== Segment start ==

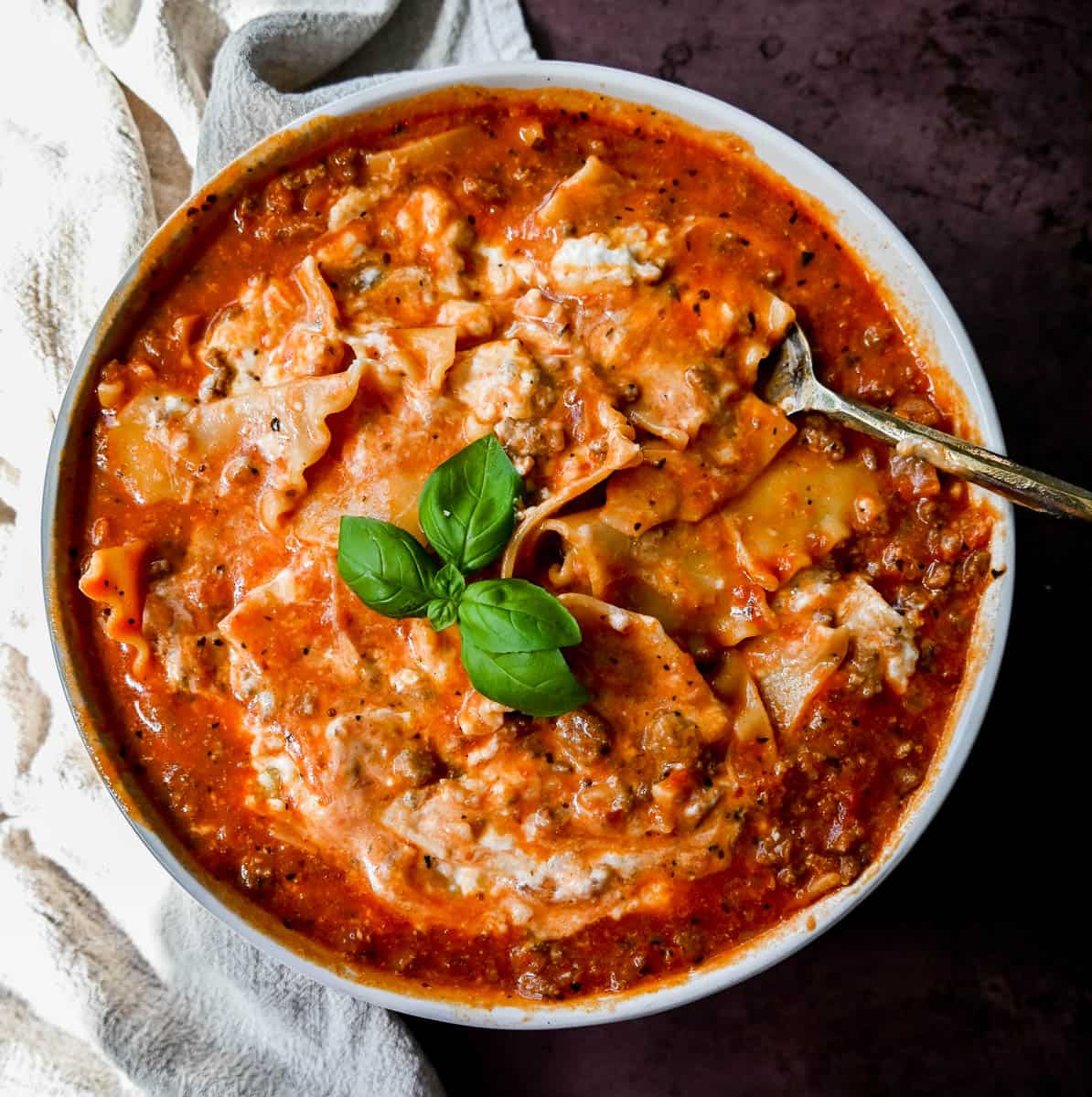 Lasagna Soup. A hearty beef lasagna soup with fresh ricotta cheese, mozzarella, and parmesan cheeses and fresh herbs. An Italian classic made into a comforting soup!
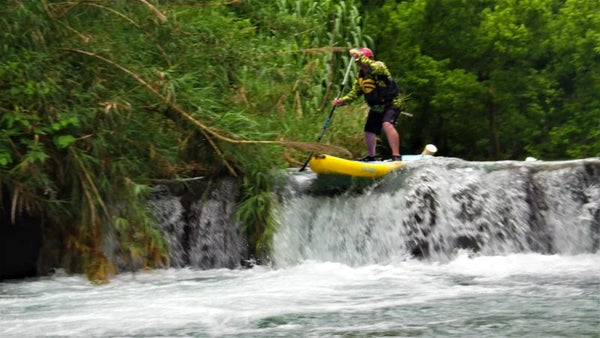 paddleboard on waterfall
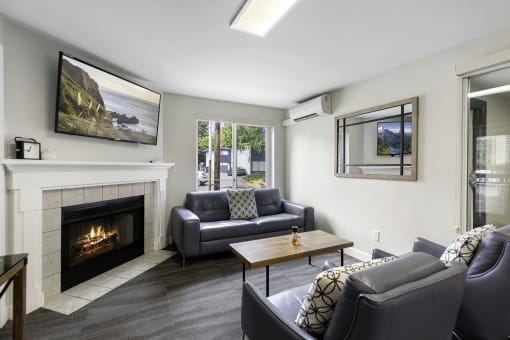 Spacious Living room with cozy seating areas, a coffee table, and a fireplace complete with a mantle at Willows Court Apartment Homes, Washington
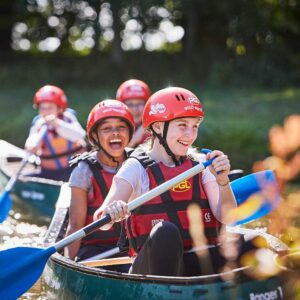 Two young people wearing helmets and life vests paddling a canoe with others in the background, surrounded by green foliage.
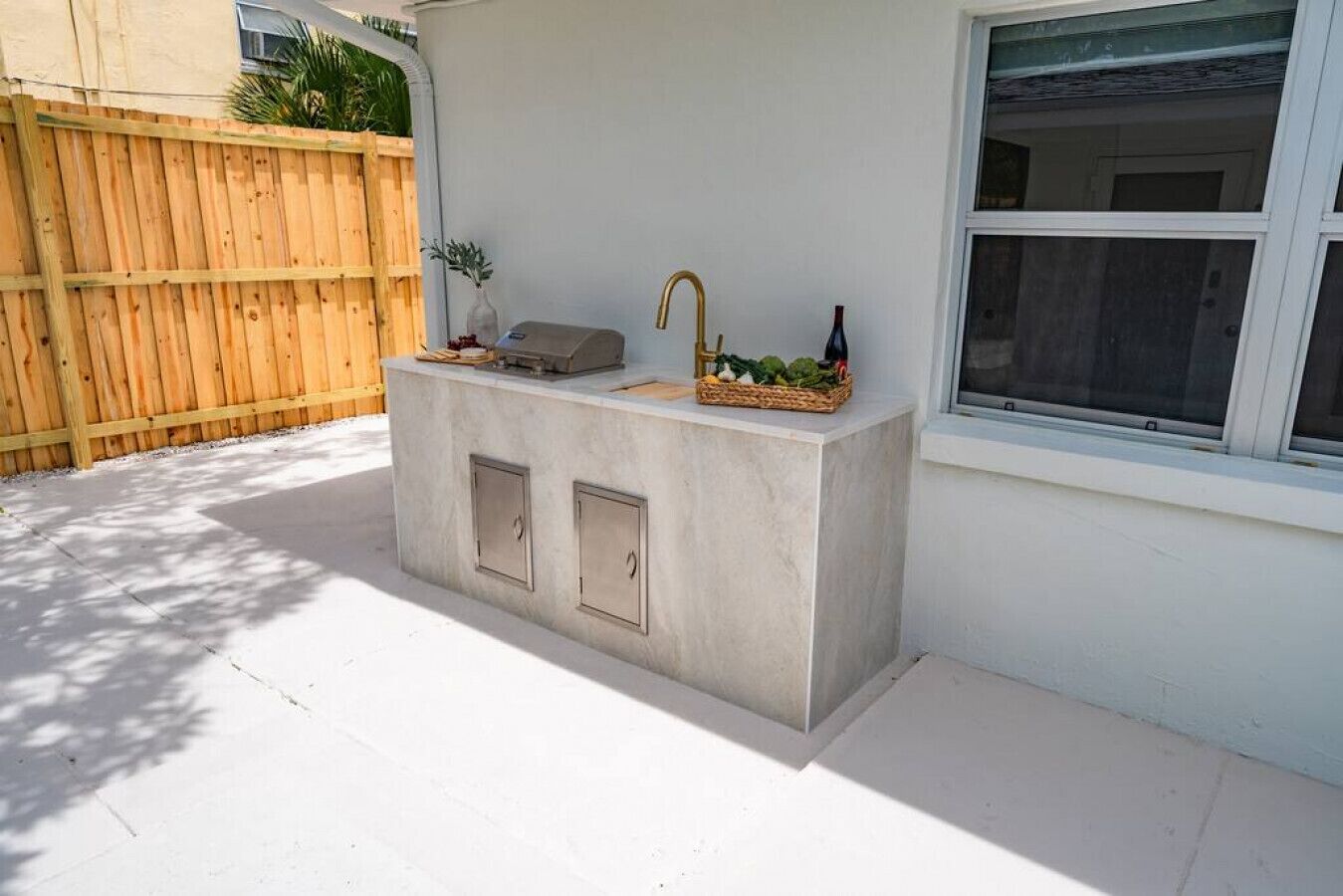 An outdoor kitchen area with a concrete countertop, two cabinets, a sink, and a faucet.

== Segment end ==

**PROBLEM**
Look above for the line containing "Two young people", then retype it and each line after it to the end of the records, exactly and without pictures.

**RESULT OF THIS TASK**
 Two young people wearing helmets and life vests paddling a canoe with others in the background, surrounded by green foliage.
 An outdoor kitchen area with a concrete countertop, two cabinets, a sink, and a faucet.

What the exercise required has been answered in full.